How does conducting your research at a College of Osteopathic Medicine, and the osteopathic profession’s focus on treating the whole person, influence your work?

One of the core tenets of osteopathic medicine is the body is capable of self-regulation, self-healing and health maintenance. Our work focuses on using the body’s own natural defenses – the immune system – to treat disease. The holistic perspective of osteopathic medicine and its treatment of the whole person is a systems viewpoint, and we are increasingly learning that when it comes to systems in the body, the immune system is everything. Like the practice of osteopathic manual manipulation, where osteopathic-trained physicians use their hands to stimulate the body’s immune system to heal itself, our work sparks the immune system at the cellular level to provoke a healing response.

How has the funding investment from the Osteopathic Heritage Foundation helped you impact patient care?

The Osteopathic Heritage Foundation Endowed Professorship in support of the Center for Neuromusculoskeletal Research allowed me to come back to my alma mater, Michigan State University, and contribute to developing the next generation of physician scientists through the same DO-PhD program from which I graduated. Currently, five DO-PhDs will have been trained under my mentorship as a PhD advisor.

The endowment also supports development of our research program, allowing us to expand the lab and move beyond virus work to look more closely at the immune system. As we continue to understand how genetics influence the immune system, it opens new avenues of understanding for other diseases. These early-stage findings can then be developed into drugs and therapeutic vaccines and tested in clinical trials. The endowment has been especially helpful in supporting research for rare conditions and difficult-to-treat diseases, which typically receive less investment from traditional funding sources. All these efforts have contributed to advancing patient care.

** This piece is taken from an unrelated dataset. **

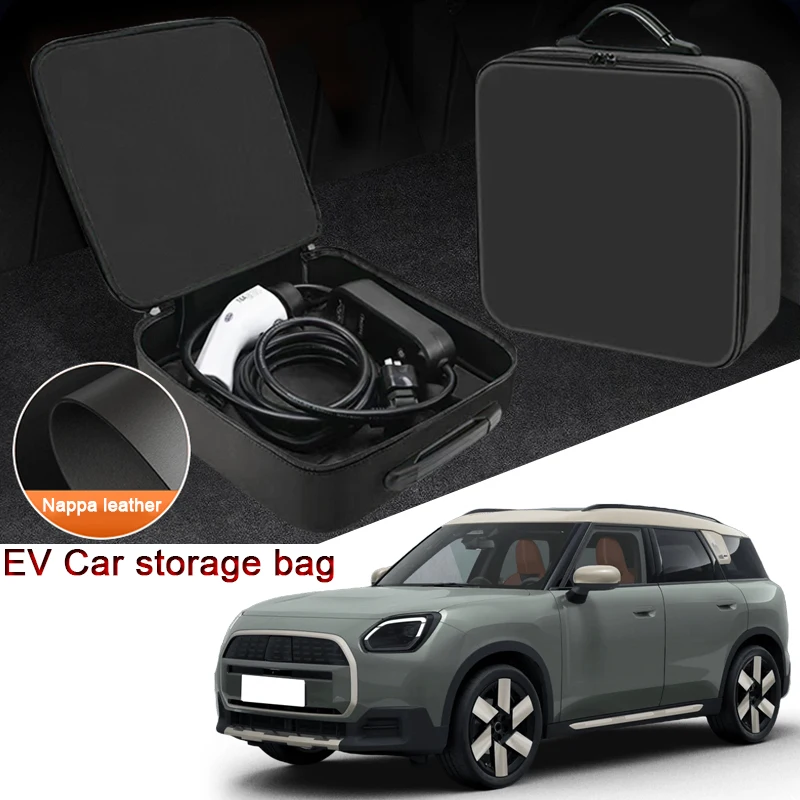 

Portable EV Car Charging Cable Storage Box Fit For MINI COUNTRYMAN ACEMAN COOPER SE Electric Vehicle Charger Cables Carry Bag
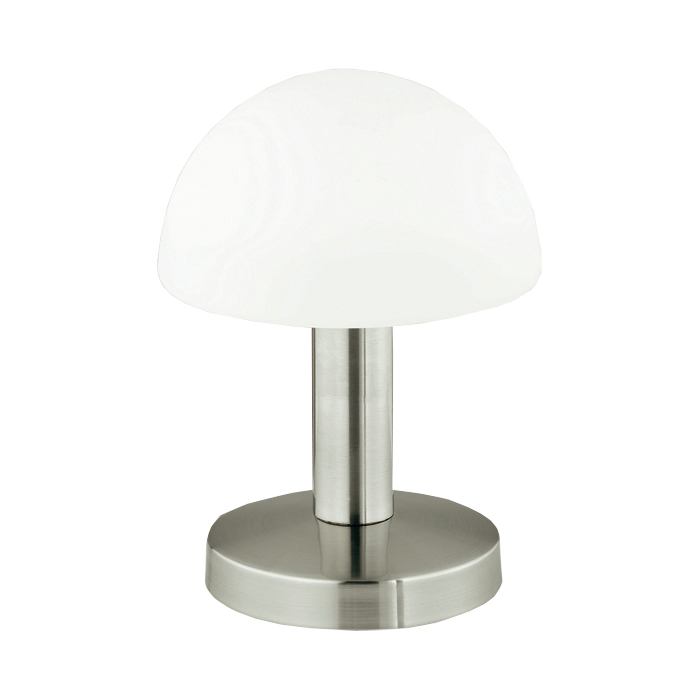 Tischlampe - Touch-Dimmer - Nickel-weiß - Glas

What is next for your research?

The lab’s current work looks at genes associated with autoimmune diseases, which are caused by an overactive immune response. The hypothesis is that by understanding the impact these genes have on the immune system, new and effective treatments for these diseases can be developed at the immune-system level.

Our most recent work is focused on two autoimmune neuromusculoskeletal diseases: ankylosing spondylitis and multiple sclerosis. Ankylosing spondylitis (AS) is an inflammatory disease which, over time, can cause bones in the spine (vertebrae) to fuse, making the spine less flexible. It can also affect the ribs, causing difficulty breathing, and predisposes patients to inflammatory bowel disease and inflammatory eye symptoms. Multiple Sclerosis (MS) is a disease of the brain and spinal cord where the immune system attacks the protective covering of nerve fibers. It is a debilitating disease that interferes with the delivery of messages from the brain to the rest of the body and can cause permanent damage or deterioration of the nerves.

It turns out, genetic diseases such as AS and MS share genes that increase an individual’s susceptibility to develop these and other autoimmune diseases. Identifying how inherited genes change the immune system and predispose some people to having a hyperactive immune system can be used to develop new and innovative treatments allowing people living with these conditions, and potentially many others, to have better health outcomes and quality of life.